***** Data extract *****
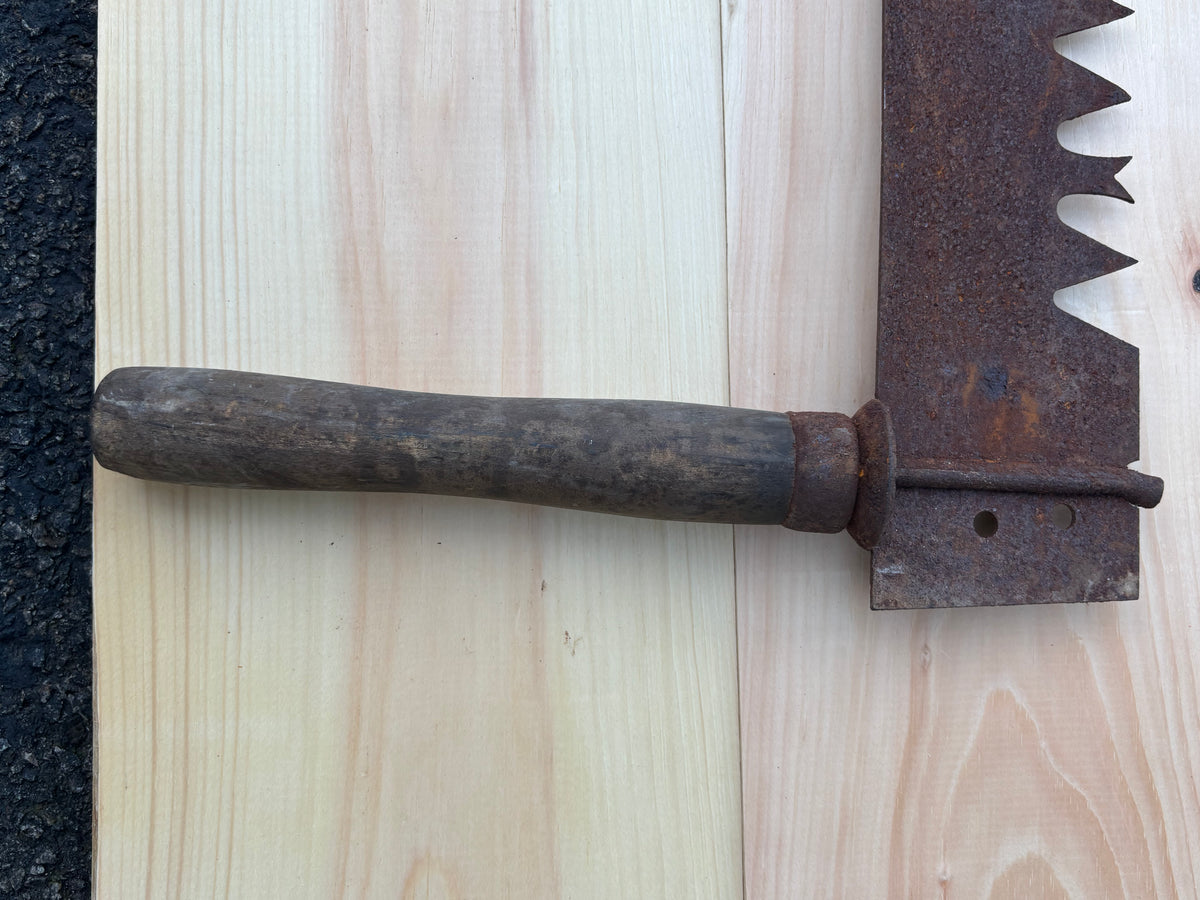 MONUMENTAL 19TH-CENTURY AMERICAN TWO-MAN LOGGING SAW Great American / Crown-Tooth Pattern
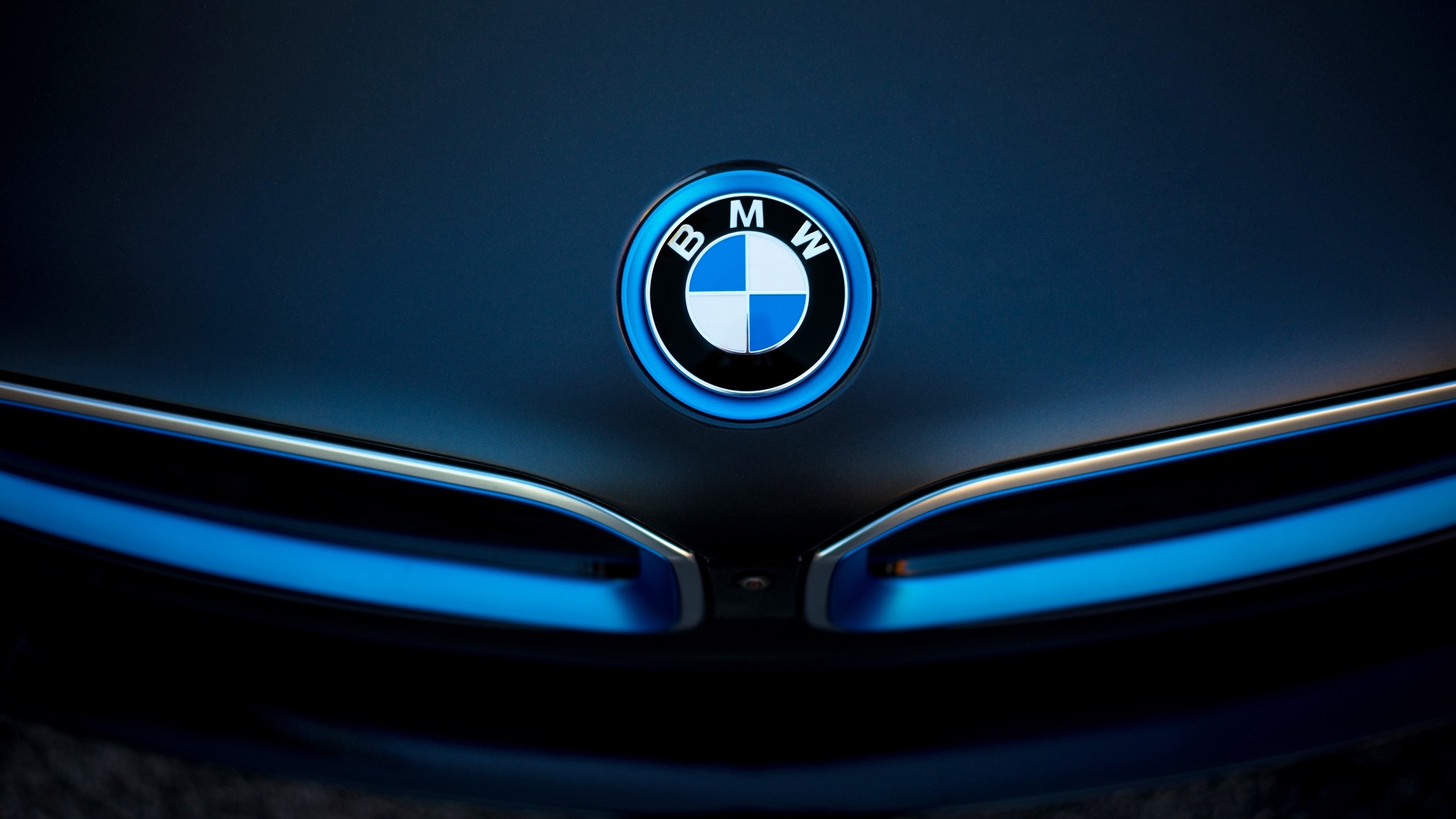 2560x1440 BMW i8 Badge Wallpaper Car, Desktop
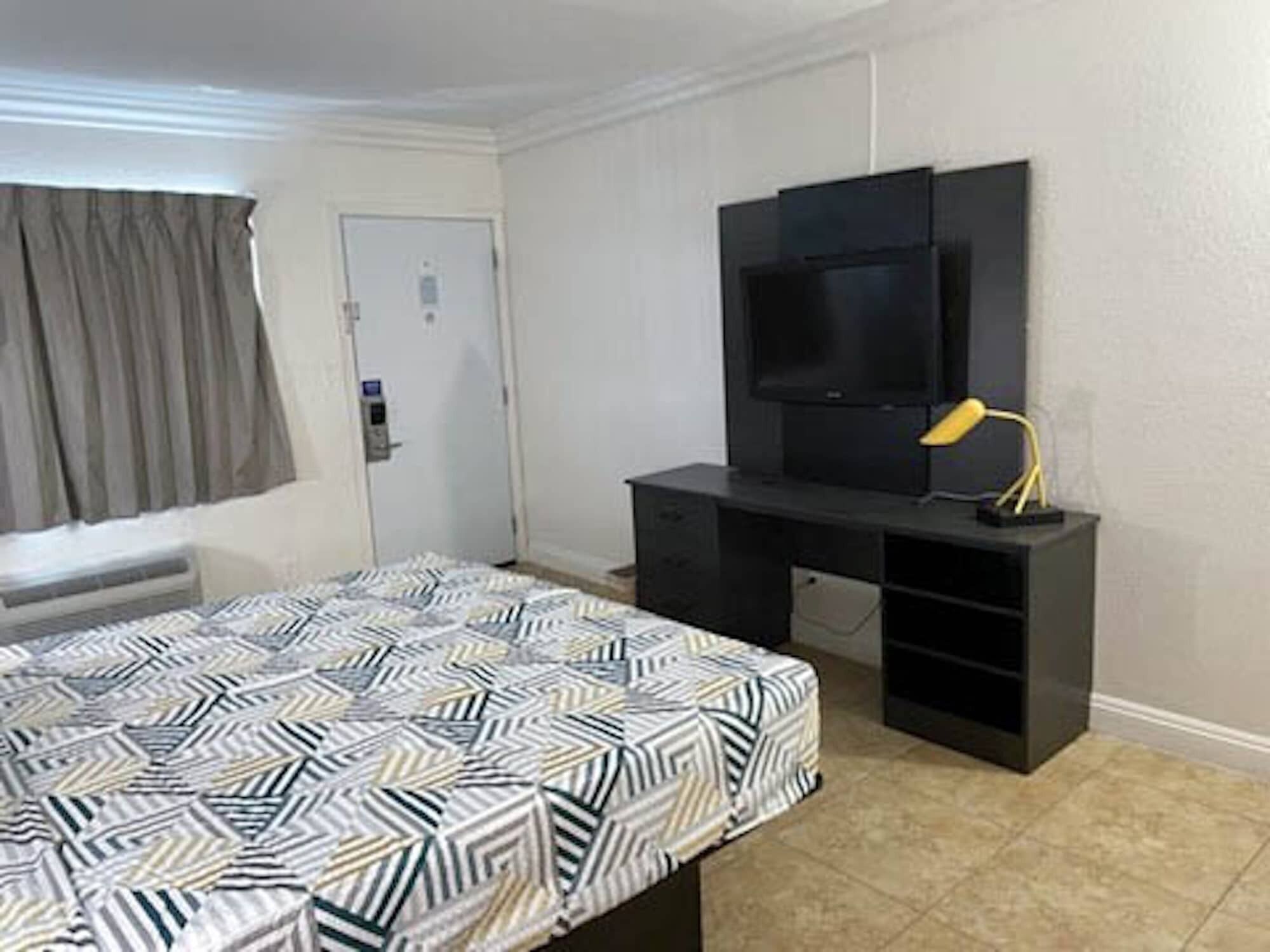 Premium bedding, desk, laptop workspace, free WiFi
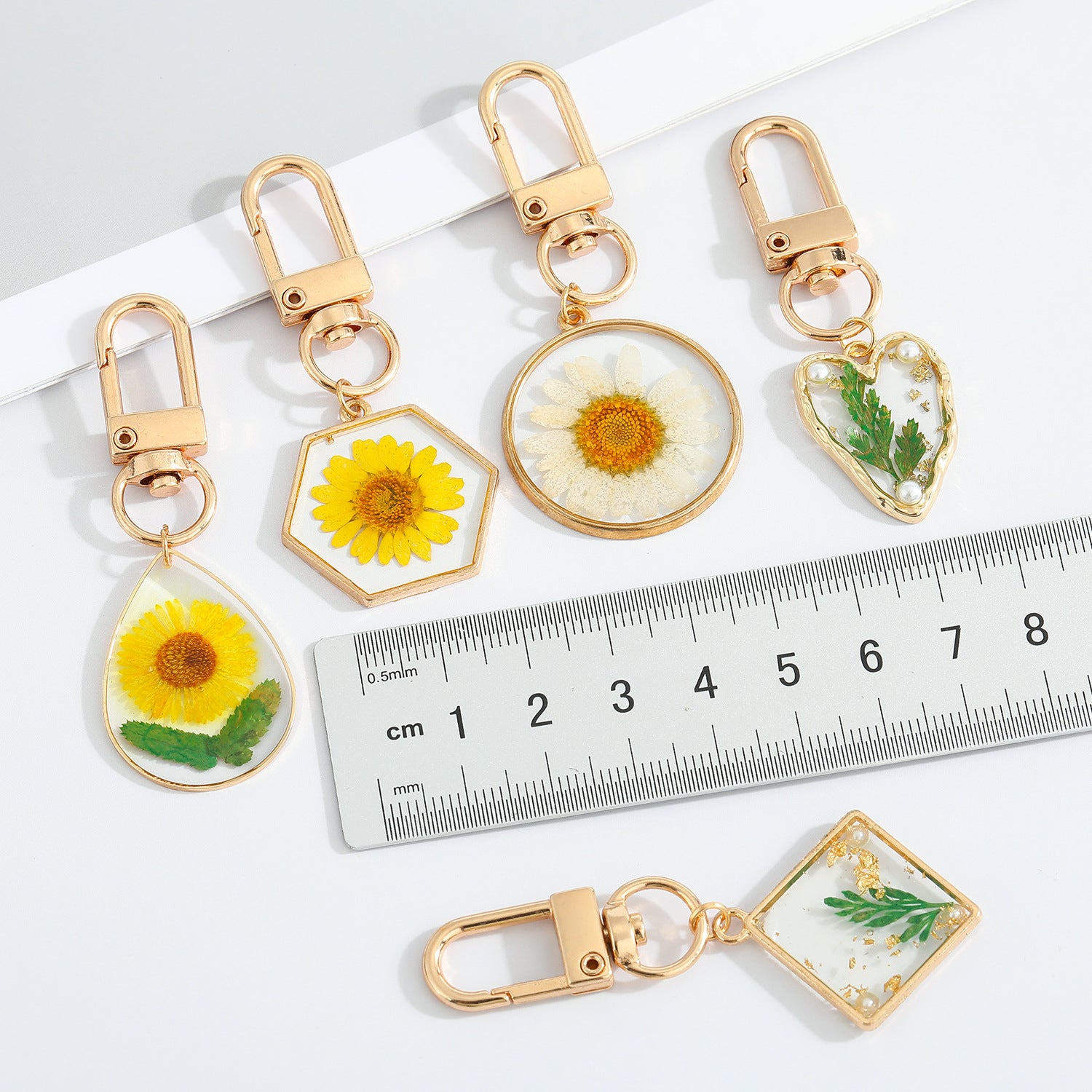 Wholesale 5pcs/pack Dried Flowers Natural Flowers Drip Oil Daisy Alloy Keychains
*****
**Exercise goal**
The response must match the listing exactly, except that pictures are removed.

**Answer section**
 MONUMENTAL 19TH-CENTURY AMERICAN TWO-MAN LOGGING SAW Great American / Crown-Tooth Pattern
 2560x1440 BMW i8 Badge Wallpaper Car, Desktop
 Premium bedding, desk, laptop workspace, free WiFi
 Wholesale 5pcs/pack Dried Flowers Natural Flowers Drip Oil Daisy Alloy Keychains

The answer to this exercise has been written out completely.